Concernant la reconnaissance par l'Europe de l'agriculture de Montagne, nous
avons rencontré Monsieur Fischler et nous avons évoqué nos
appellations « Provenance Montagne » en demandant pour
elles une reconnaissance de l'Europe. Il nous a alors clairement affirmé
que, selon lui, un label « Montagne » ne constituerait pas
un critère de spécificité, tant qu'il ne serait pas
adossé à une certification de qualité. Ne pensez-vous pas
qu'il faille aller demain vers l'introduction d'un dispositif qualitatif dans
le label « Provenance Montagne » pour lui conférer
une plus grande crédibilité ? Nos amis des Alpes soutiennent
cette idée comme un moyen de s'assurer de prix
rémunérateurs pour l'agriculteur.
Par ailleurs, nous avons beaucoup parlé aujourd'hui de l'acte de
commercialisation du produit et de la maîtrise de sa transformation, mais
comment de telles filières pourraient-elles concrètement se
mettre en place dans une zone de montagne ? Quelle est la nouvelle
organisation professionnelle qu'il faut avoir le courage d'envisager pour faire
fonctionner ces filières ? Vous n'ignorez pas en effet que les
initiatives de certains agriculteurs sont contrariées par la profession
elle-même. Comment l'agriculteur peut-il s'intégrer et trouver une
place dans cette filière ?
M. Michel Teyssedou -
Le décret « Provenance
Montagne » n'est pas un signe officiel de qualité. Quand le
commissaire Fischler vous conseille de vous adosser à une certification
de conformité produit (CCP), il répond en fait à une
question que vous ne lui posiez pas et qui est la suivante :
« Etes-vous prêt à définir
géographiquement une zone de montagne ? ». S'il répond
par la négative, inutile alors de poser la deuxième question
concernant le label « Provenance Montagne ». Mais s'il
répond oui, cette question n'est plus justifiée, car un
décret communautaire viendrait garantir la provenance communautaire de
montagne. On en revient à l'absence dramatique d'une politique
communautaire de la montagne. Il faut avant tout obtenir l'élaboration
d'une telle politique, car il restera vain d'établir des schémas
économiques basés sur notre décret « Provenance
Montagne » si les agriculteurs montagnards italiens nous font
concurrence avec des produits qui, ne respectant pas nos cahiers des charges,
leur reviennent moins cher.
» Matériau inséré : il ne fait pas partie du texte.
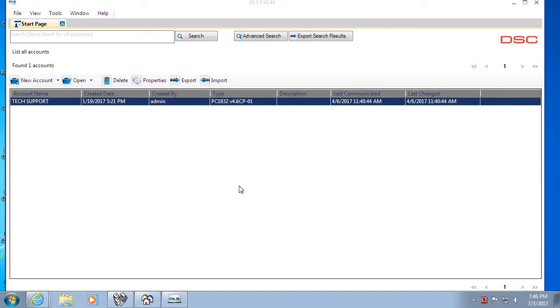Hello everybody, this is Jesse from NAPCO Tech Support and today I'm going to go over how to program your DSC Power Series control panel with DLS 5 software and your NAPCO Starlink Connect radio.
Ce décret a toutefois un atout : il
valorise les pratiques de l'agriculture montagnarde au travers du cahier des
charges. Mais pour lui donner une puissance juridique et commerciale, nous
devons en effet l'adosser à une CCP.
En ce qui concerne la mise en place de filières collectives, vous
souhaitez connaître la formule pour faire taire les belligérants
qui sont plus gaulois que collectifs... L'Etat distribue souvent l'argent
public sans demander aucune contrepartie. Ces aides devraient être
soumises à des obligations de résultat et de moyens
d'organisation. La mise en oeuvre de projets collectifs doit concrétiser
la distribution de ces sommes considérables, qu'il s'agisse des CTE, de
l'ICHN, des crédits de recherche et développement sur des
produits nouveaux, etc. Il est fondamental de savoir exclure ceux qui ne
veulent pas participer et récompenser les autres. Le syndicat
d'appellation d'origine contrôlée du Cantal, par exemple, comprend
un commissaire du gouvernement et un contrôleur d'Etat, de même que
dans le comité interprofessionnel de gruyère de comté
(CIGC), et bénéficie de concours publics. J'attends donc une
obligation de moyens, c'est-à-dire que les agriculteurs ou leur
représentants qui ne participent pas à la démarche
collective de l'organisation commerciale ne puissent pas
bénéficier des mêmes dispositions budgétaires que
d'autres. Le ministère de l'agriculture établit d'ailleurs
déjà une distinction entre les agriculteurs organisés et
non-organisés dans le domaine des fruits et légumes.
M. le Jean-Paul Amoudry
-
Je voudrais profiter des
dernières minutes pour revenir sur la question des quotas. Comme Pierre
Jarlier le rappelait, nous nous sommes rendus il y a quelques semaines à
Bruxelles où cette question a été soulevée. Le
commissaire Fischler nous a répondu que rien n'était encore
décidé et que des dispositions devaient être prises
à la majorité pour que des quotas soient supprimés. Autant
dire que nous en sommes loin, ce qui est plutôt rassurant.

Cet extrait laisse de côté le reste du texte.